INFORMATION GIVEN: Begin
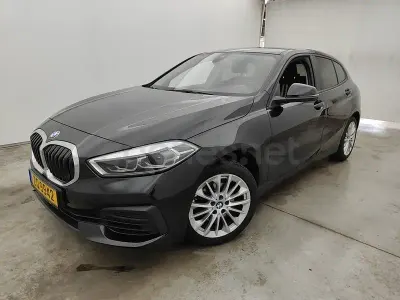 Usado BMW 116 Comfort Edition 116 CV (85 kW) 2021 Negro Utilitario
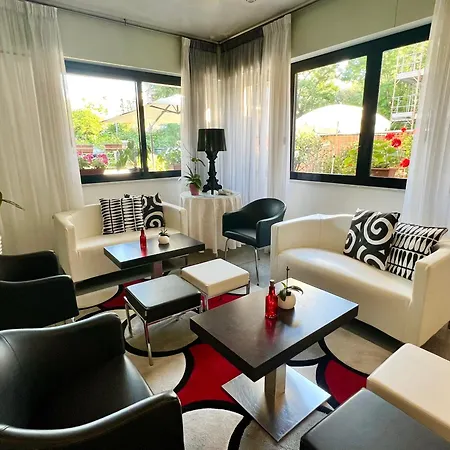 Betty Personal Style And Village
INFORMATION GIVEN: End
INFORMATION GIVEN: Begin
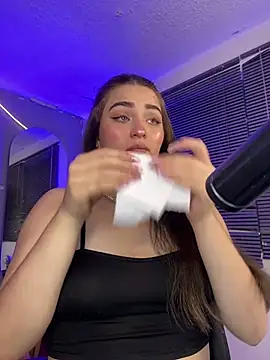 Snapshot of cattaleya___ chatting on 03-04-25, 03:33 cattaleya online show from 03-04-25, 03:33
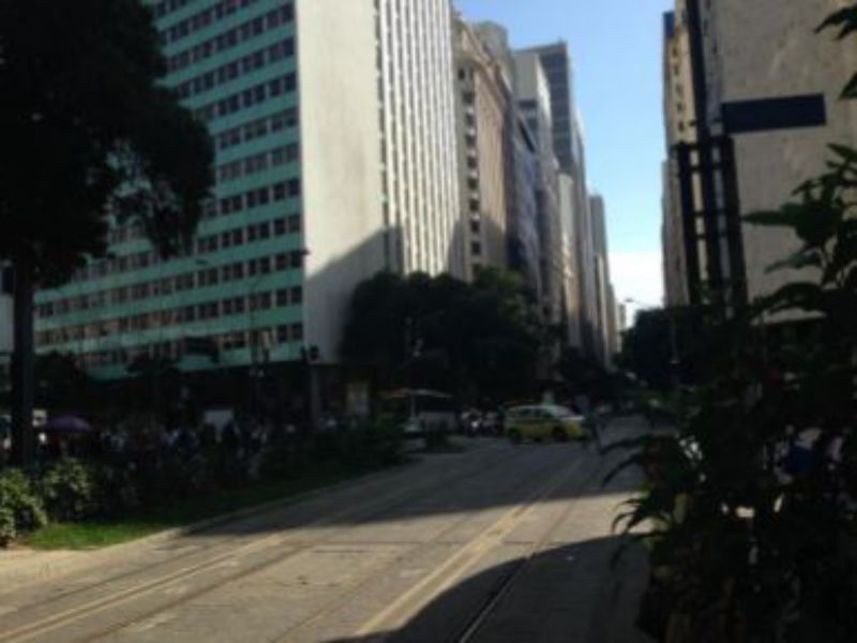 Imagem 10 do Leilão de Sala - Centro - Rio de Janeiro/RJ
INFORMATION GIVEN: End
ABOUT THIS TASK:
Without the pictures, set down the lines above from the line with "Snapshot of cattaleya___" up to and including the line with "Imagem 10 do" exactly as they stand.

EXERCISE RESULT:
 Snapshot of cattaleya___ chatting on 03-04-25, 03:33 cattaleya online show from 03-04-25, 03:33
 Imagem 10 do Leilão de Sala - Centro - Rio de Janeiro/RJ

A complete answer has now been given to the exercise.